Is It Still Okay to Bring Someone a Sympathy Meal?
Almost everyone associates plentiful, home-cooked casseroles with the death of a loved one. Whether on television, in the movies, or in real life, the practice of bringing food to help support the grieving family is one we are all familiar with.
However, in our modern world, this isn’t always easy to do. When you connect with people on social media more than in person, and when you are unsure about things like health restrictions and dietary needs, what’s the right thing to do? Is it still okay to bring someone a sympathy meal?
Of course the answer is yes, but with some considerations. Read on for sympathy meal etiquette for the modern age.
- Communicate Your Intentions: Showing up on someone’s doorstep with your arms full of food might sound like a good idea, but it can be awkward or difficult for the recipients. Because they are already dealing with so much right now, they might not be in the right frame of mind to accept your generous gift.

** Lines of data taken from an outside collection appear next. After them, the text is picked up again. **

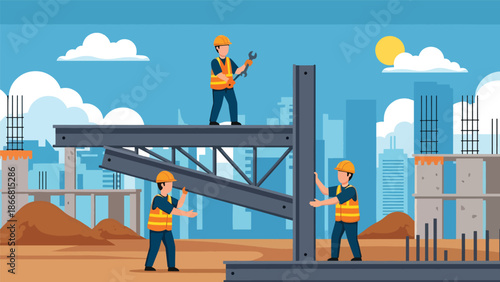Construction workers assembling steel beams at high-rise site, flat vector illustration showing teamwork, safety equipment, cranes, and modern structural construction industry operations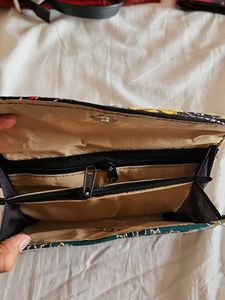 Embroidered Teal Green Saree Wallet Clutch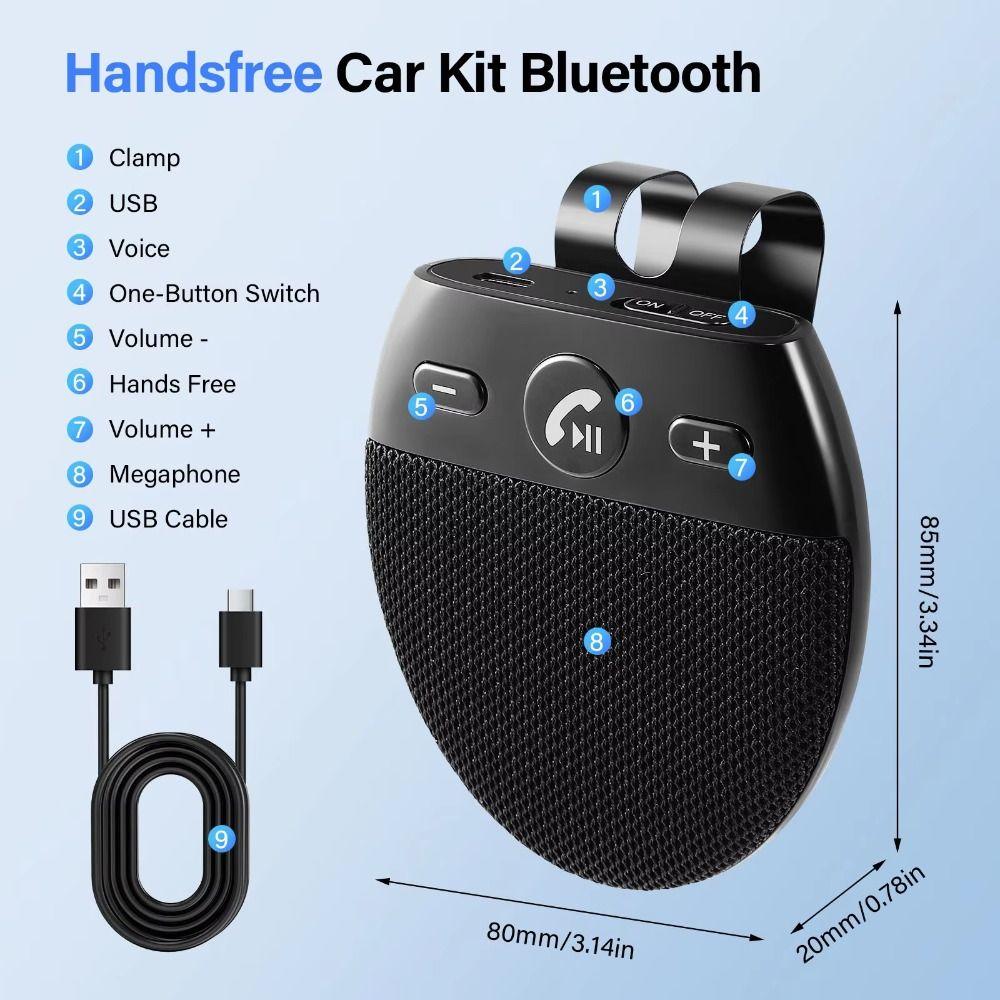 Bluetooth 5.0 Handsfree Car Kit High Definition Voice Sun Visor Music Player Music Playback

Instead of surprising them, call ahead and talk with the family member who is likely to be in charge of meals. Let them know that you would like to contribute and ask when would be a convenient time for you to stop by. Offer them a few choices (“I thought you might like either my famous lasagna or a nice homemade granola”) and ask about any dietary restrictions.

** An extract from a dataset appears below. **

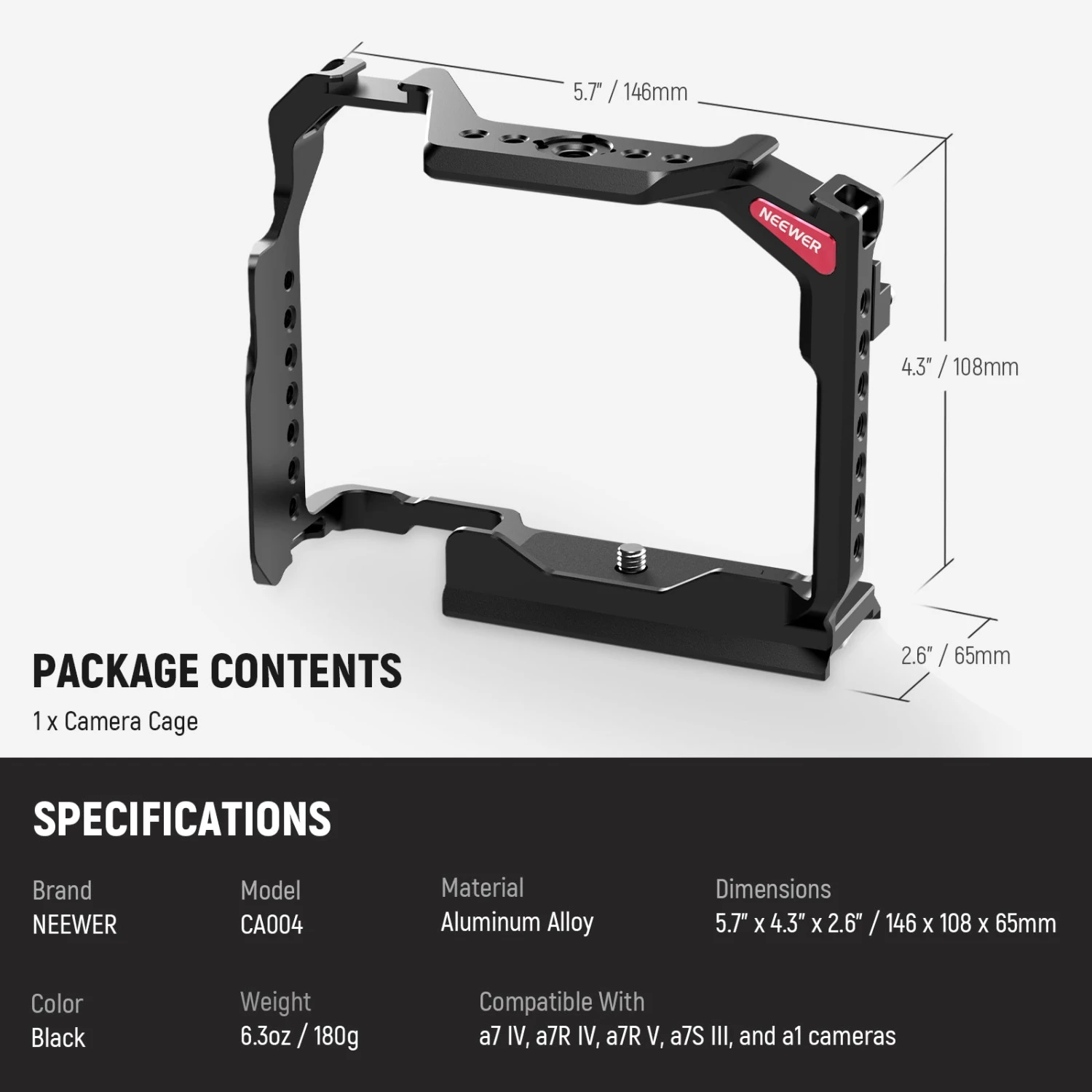 NEEWER CA004 Camera Cage For Sony A7RV/ A7IV/ A7RIV/ A7SIII/ A1 9 NEEWER CA004 Camera Cage For Sony A7RV/ A7IV/ A7RIV/ A7SIII/ A1 - Image 9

- Consider Quantity: A family of four is unlikely to need three casseroles and an entire chocolate cake. However, a family of four who is hosting several out-of-town guests for the funeral might be incredibly grateful for this. Take quantity into consideration, and err on the side of too much food rather than too little. You can also portion the food so that it can be frozen and cooked later at the family’s convenience.

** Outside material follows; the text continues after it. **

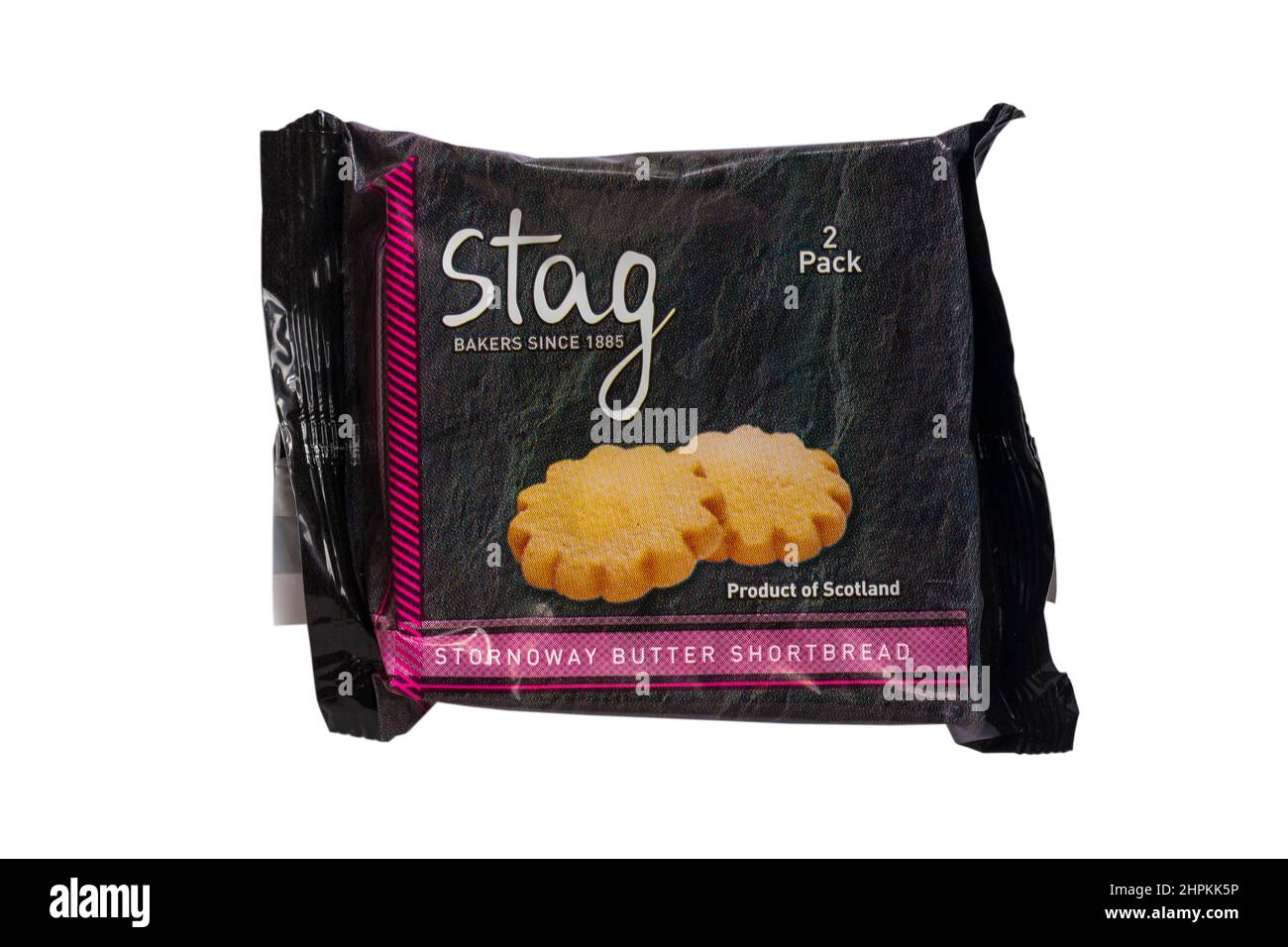 Packet of Stag Stornoway Butter Shortbread product of Scotland isolated on white background Stock Photo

- Buy Disposable: A turkey cooked in a cheap aluminum pan from the grocery store won’t taste or look as good as one cooked in your heirloom roasting pan, but opt for the recyclable one anyway. The task of cleaning, tracking and returning all those dishes might be overwhelming for the family, especially if they get the dishes confused. Tape instructions on the top and do not plan on seeing that pan again—it is a small gesture but a thoughtful one.
- Stay for a Visit (or Don’t): One of the main reasons sympathy meals are still popular is that it provides an opportunity for human connection at a time when it is sorely needed. Oftentimes, it’s not about the food at all—it is about showing that you care and taking the time out of your day to stop by and check on the family’s needs. Plan to stay in case the family wants to talk—or plan to leave if they are occupied with other things. It is important to read the room and act accordingly.
If the family’s dietary restrictions make meal planning particularly difficult, or if you are unsure what kind of sympathy meal will be appropriate, you can also consider a food subscription box or gift card for a restaurant. These options offer flexibility and convey the same message without straying too far from tradition.